Integration Patterns

Request Flow

Client Request → HTTP Server → FIFO Queue → Drive API Query → XML Generation → Response
                                    ↓
                              (Sequential Processing)

Authentication Flow

Startup → Load GOOGLE_SERVICE_ACCOUNT_KEY → Parse JSON → Create GoogleAuth Client
            ↓
Request → Check Token Expiry → Auto-Refresh (if needed) → Use Token for Drive API

Error Flow

Error Occurs → Map to HTTP Status → Set Headers (Retry-After if 429) → Return Status Code (no body)
     ↓
  Log Error (stderr) → Include context (request ID, error message)

Open Questions & Assumptions

Resolved via Clarifications (All 3 Sessions)

Authentication method → Service Account with JWT
URL format → /documents/{documentId} (RESTful)
Error response format → Status code only, no body
Rate limiting behavior → 429 with Retry-After header
Drive API 503 handling → No retries, immediate passthrough
Credentials storage → Inline JSON in env var
Logging destination → stdout/stderr only
>50k documents handling → 413 error
Fatal error handling → Crash with exit code 1
Concurrent requests → FIFO queue, sequential processing
Log format → Plain text [timestamp] [level] message
Drive query filter → Configurable in config/settings.js

Assumptions (from spec.md)

  • Service Account has domain-wide delegation if accessing user drives
  • Base URL configured correctly for production environment
  • Node.js v18+ LTS available on deployment platform
  • Network connectivity to googleapis.com available

Summary

All technical unknowns from the specification have been resolved through 3 clarification sessions (10 Q&A pairs total).

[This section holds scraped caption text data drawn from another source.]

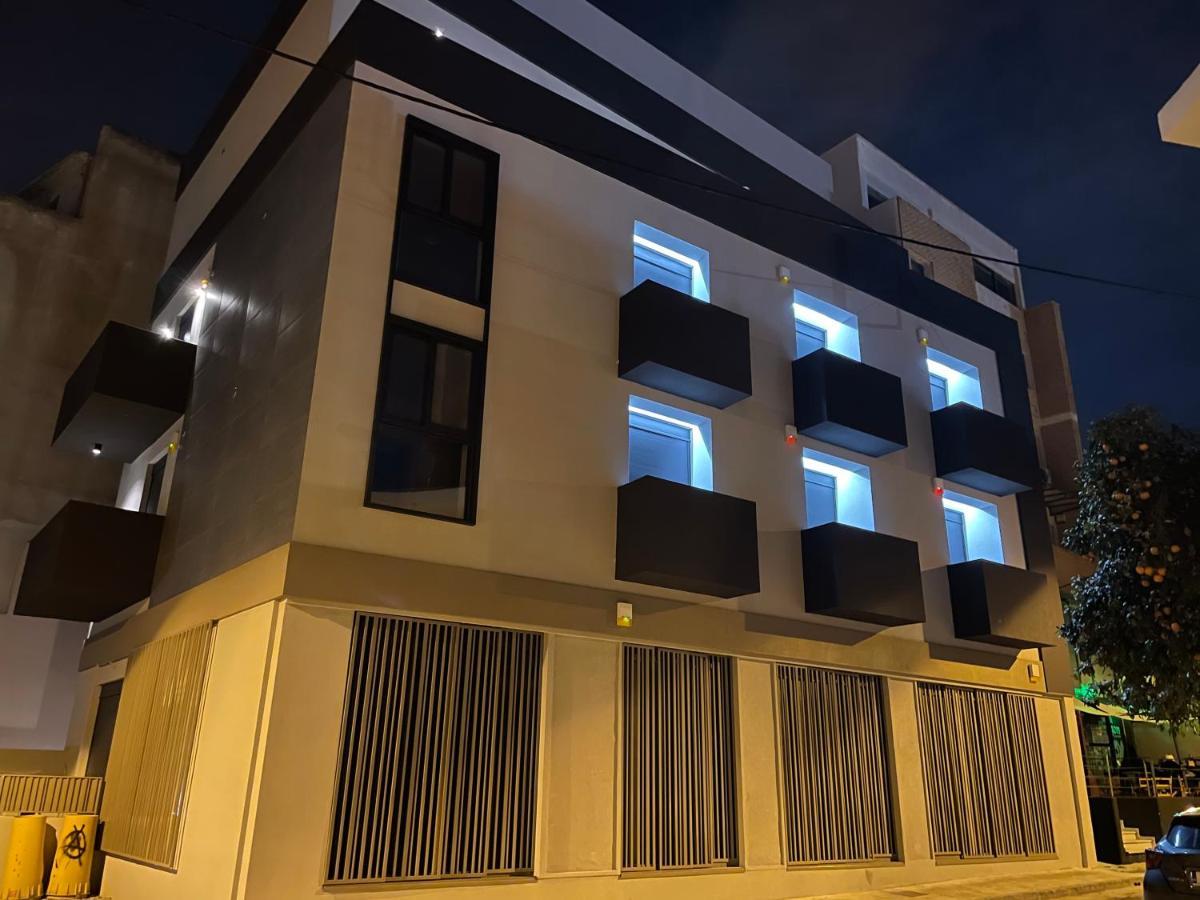 Luxury Penthouse With Acropolis View And Jacuzzi Apartment Атина Екстериор снимка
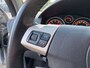 Opel Astra Wagon 1.6 Business Airco,Trekhaak, 2e Eig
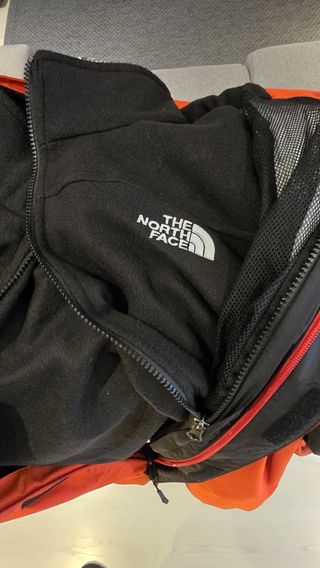 Chaqueta The North Face
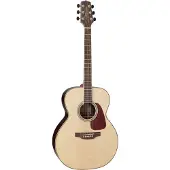 Takamine GN93-NAT akoestische westerngitaar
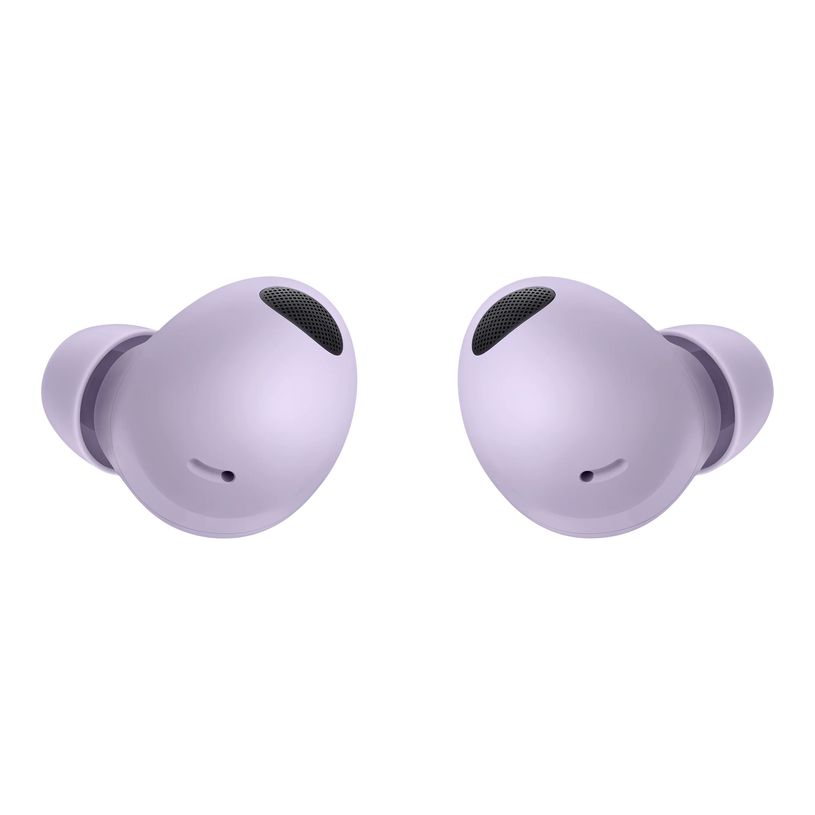 8806094613766-Samsung Galaxy Buds2 Pro - Kit main libre - Ecouteurs sans fil avec micro - intra-auricula-P_405142826_6-5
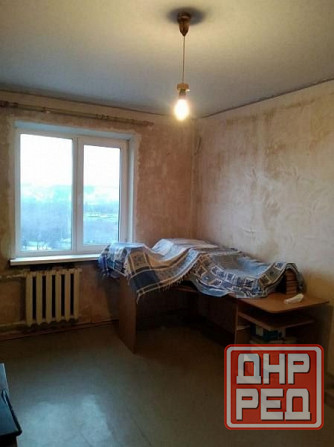 Продажа трёхкомнатной квартиры Донецк - изображение 2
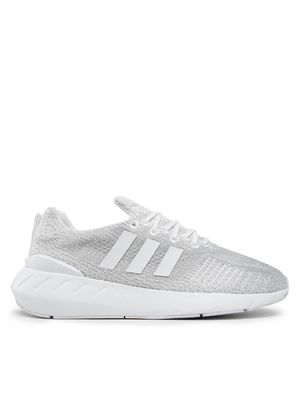 adidas - Buty sportowe męskie wiosenne ze sklepu: MODIVO w kategorii: Buty sportowe męskie - zdjęcie WP-EBWP-BKLVO-LN0_0000209252057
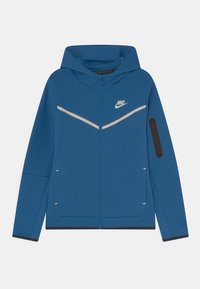 nike bambino zalando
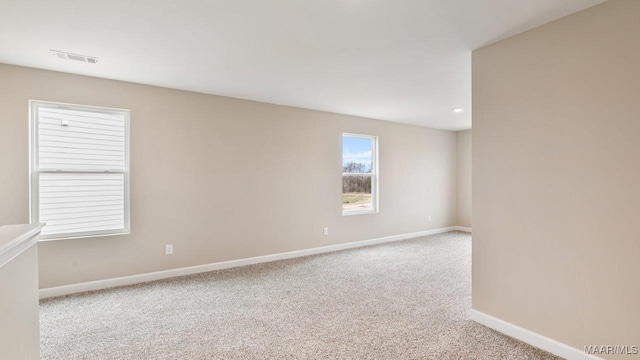 3719 Windsor Hill Blvd, Montgomery, AL 36106 - photo 25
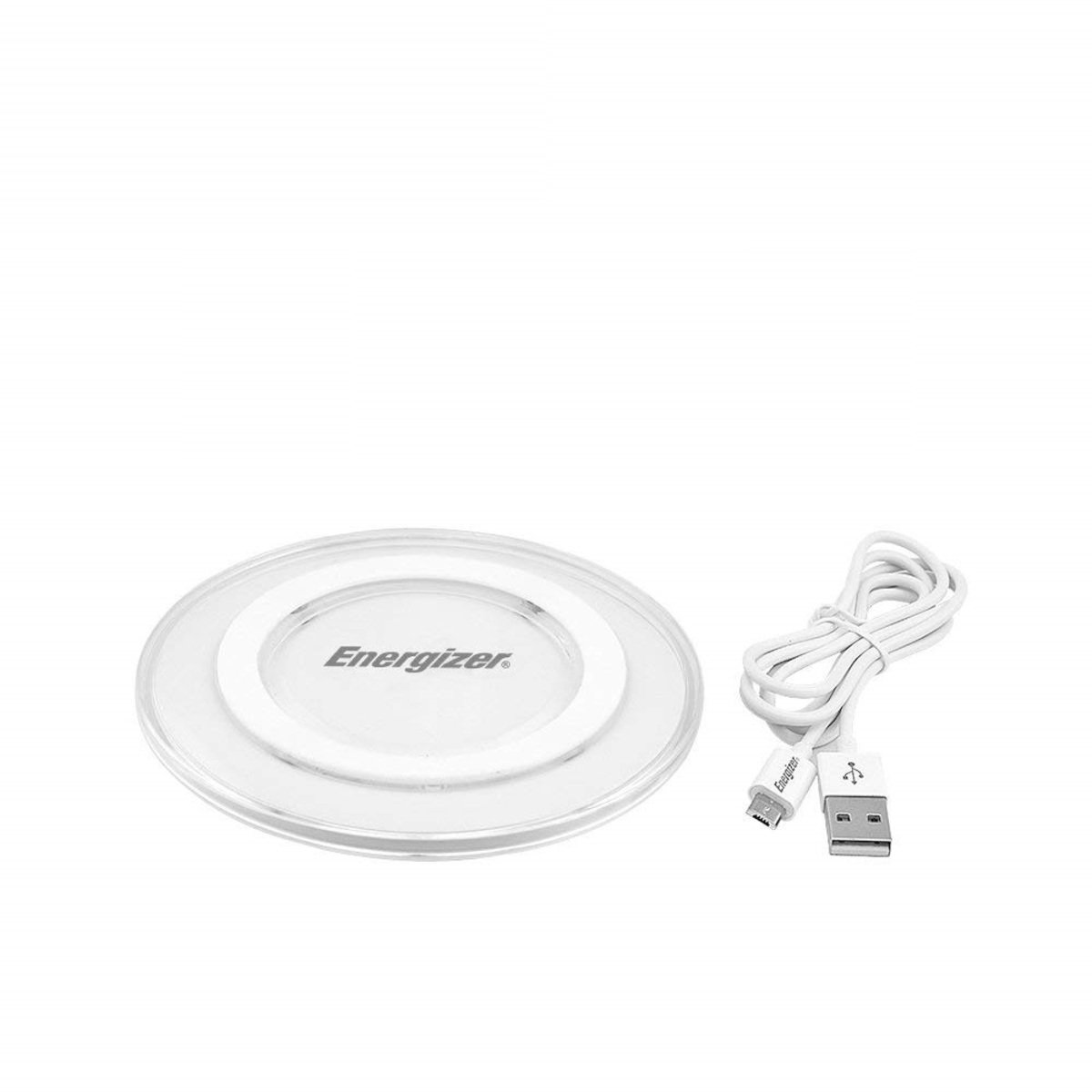 Energizer Wireless Charging PAD WLACWH4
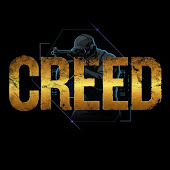 Thecreedgaming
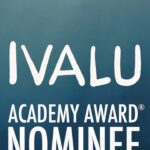 Nikolaj Coster-Waldau Instagram - This Oscar nominated short is made in Greenland. By a Greenlandic Crew. And Greenlandic cast. Directed by Anders Walter and Pipaluk Kreutzman Jørgensen. Its a massive accomplishment and testament to all the talent in Greenlandic film. If you can please consider a vote for Ivalu #oscars2023 @kimmerik @pipaluk_k_jorgensen @angunnguaq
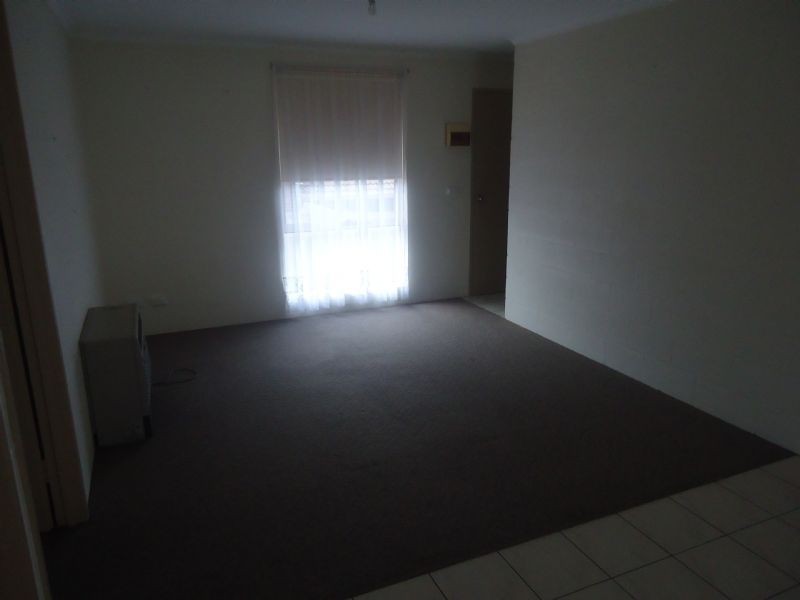 1/20 Hopetoun Road, Warrnambool VIC 3280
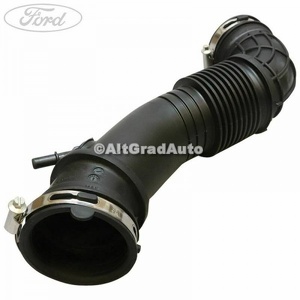 Furtun carcasa filtru de aer Ford fiesta mk 8 1.6 st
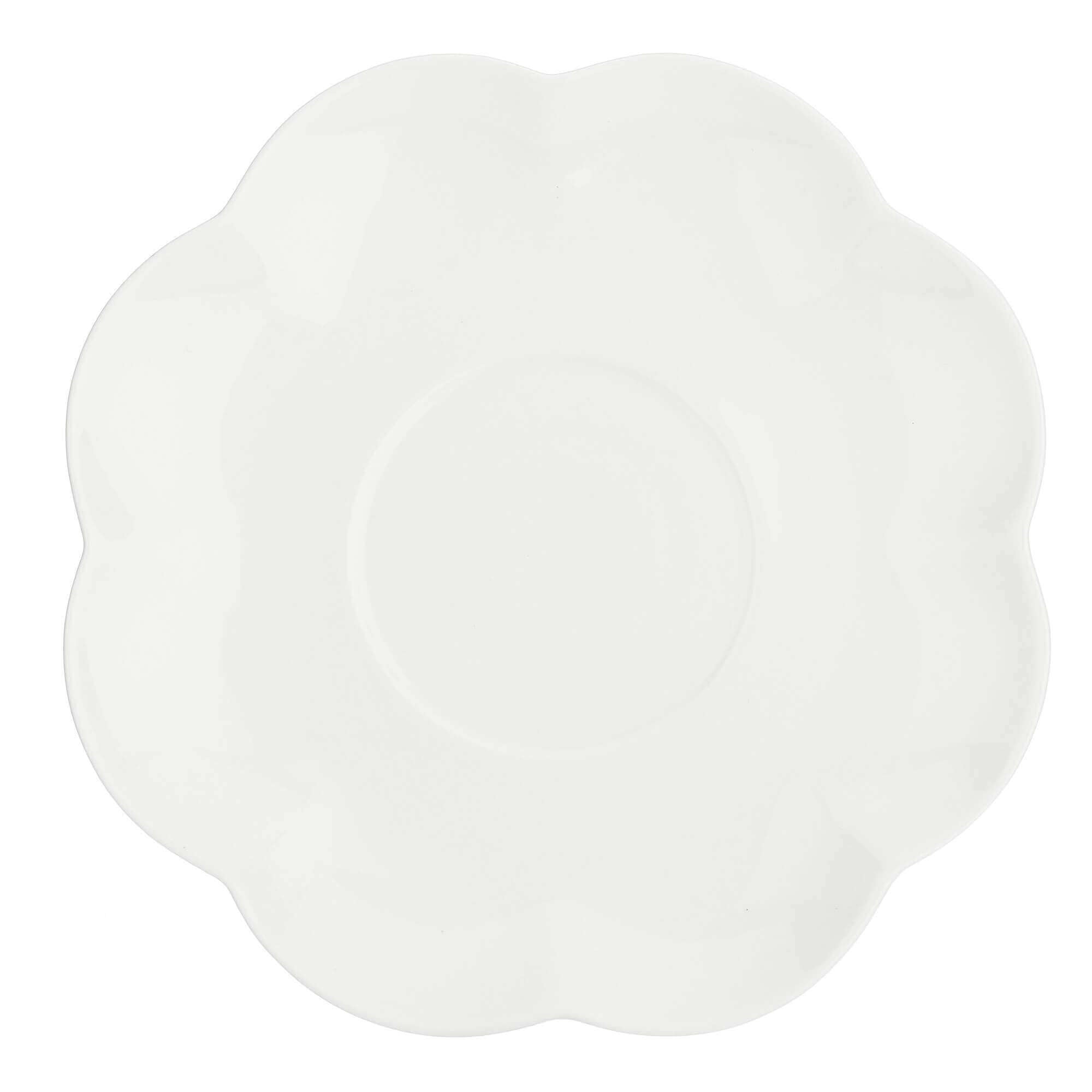 632ce0ac750f0cff8b3d25e3c7684345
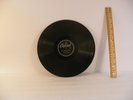 Christmas 78 rpm - Nat King Cole - The Christmas Song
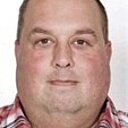 Markus Eckert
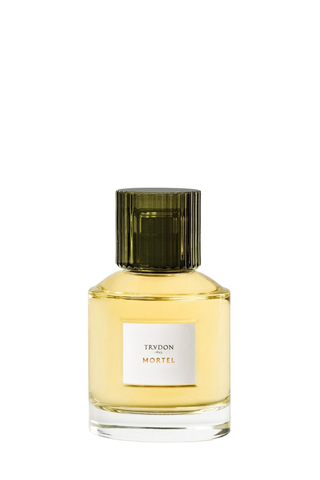 Eau de Parfum | Mortel 100ml
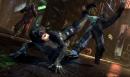 Comic Con 2011: Live Stream, Interviews und Game-Infos zur Messe in San Diego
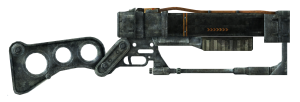 AER9LASERRIFLE.png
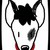 rockybalbo :iconrockybalbo:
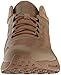 Under Armour Men's Verge 2.0 Low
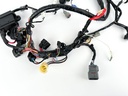 2019 Suzuki 115 HP 4 Stroke Outboard Engine Wire Harness 36610-92J63 OEM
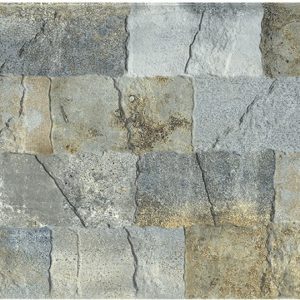 Deva Aqua 34x50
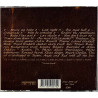 Russell Calvin 1991 rose 256 cd Sounds From The Fourth World CD Begagnat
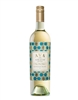 Ava Grace Sauvignon Blanc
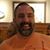 John Wetzel's profile image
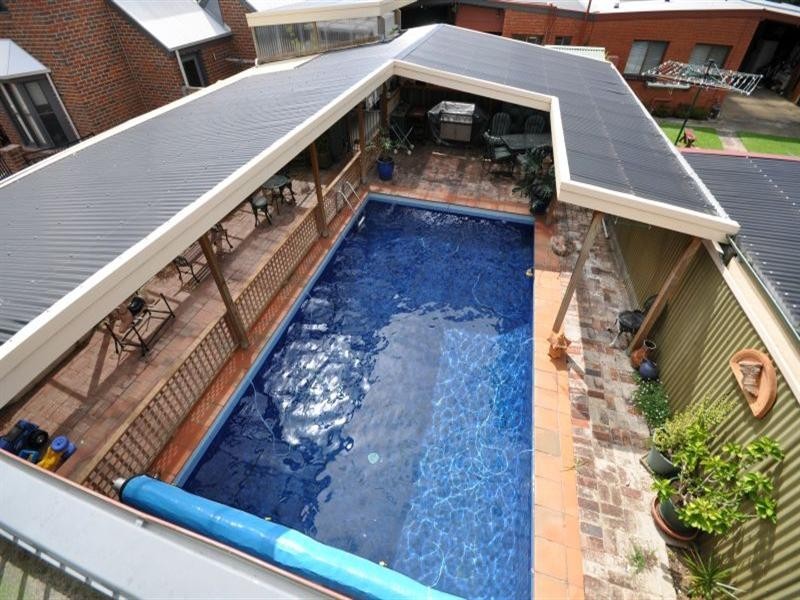 5 Foster Street, South Geelong VIC 3220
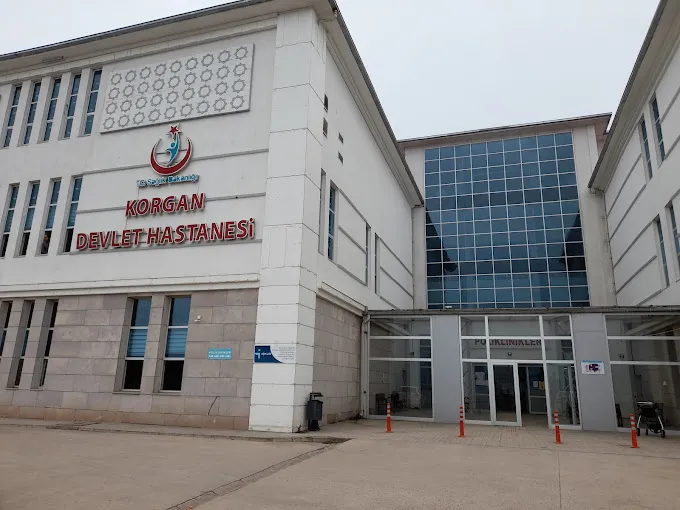 korgan-devlet-hastanesi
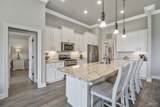 2133 Eagles Ridge Cv - Photo 11
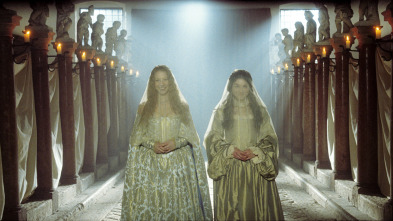 Imagen de El mercader de Venecia - 12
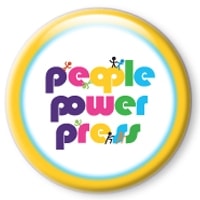 People Power Press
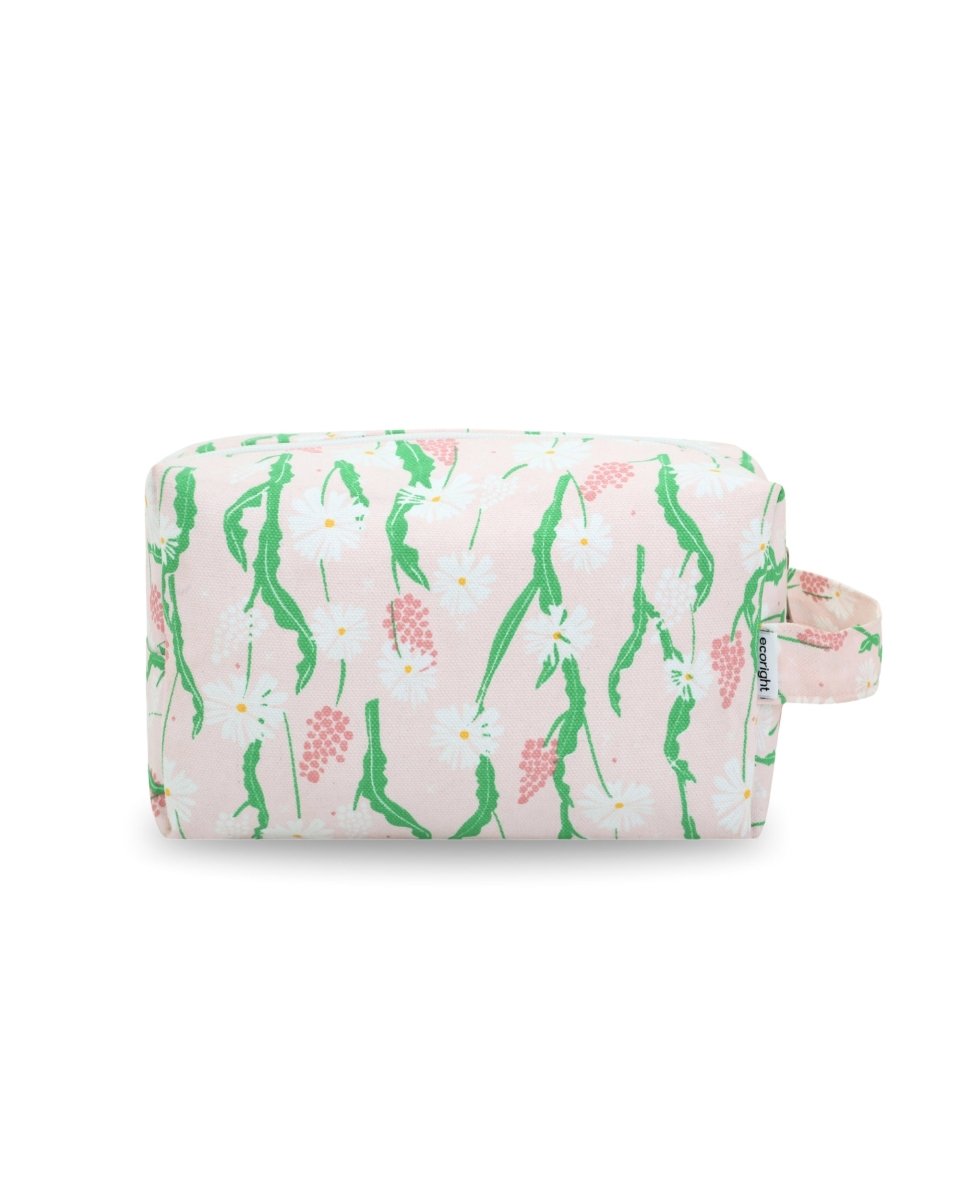 Ecoright Reverie Travel Pouch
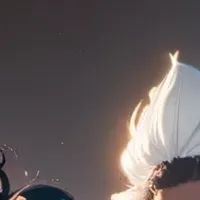 chat with ai character: Ra’mire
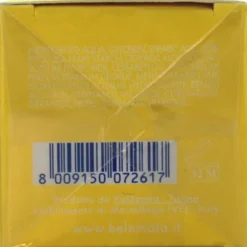 VENUS CREMA LATTEA GLICERINATA 50 ML.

Key research findings:

  1. Authentication: googleapis SDK with Service Account JWT (load from env var)
  2. Sitemap Protocol: Enforce 50k limit, use standard XML namespace, include lastmod
  3. Concurrency: FIFO queue using Node.js EventEmitter (sequential processing)
  4. Error Handling: Status-only responses, crash on fatal errors, no retries on 503
  5. Logging: Plain text format to stdout/stderr (no files)
  6. Configuration: Split between config.js (server) and settings.js (Drive query filter)

No remaining NEEDS CLARIFICATION items - Ready to proceed to Phase 1 design.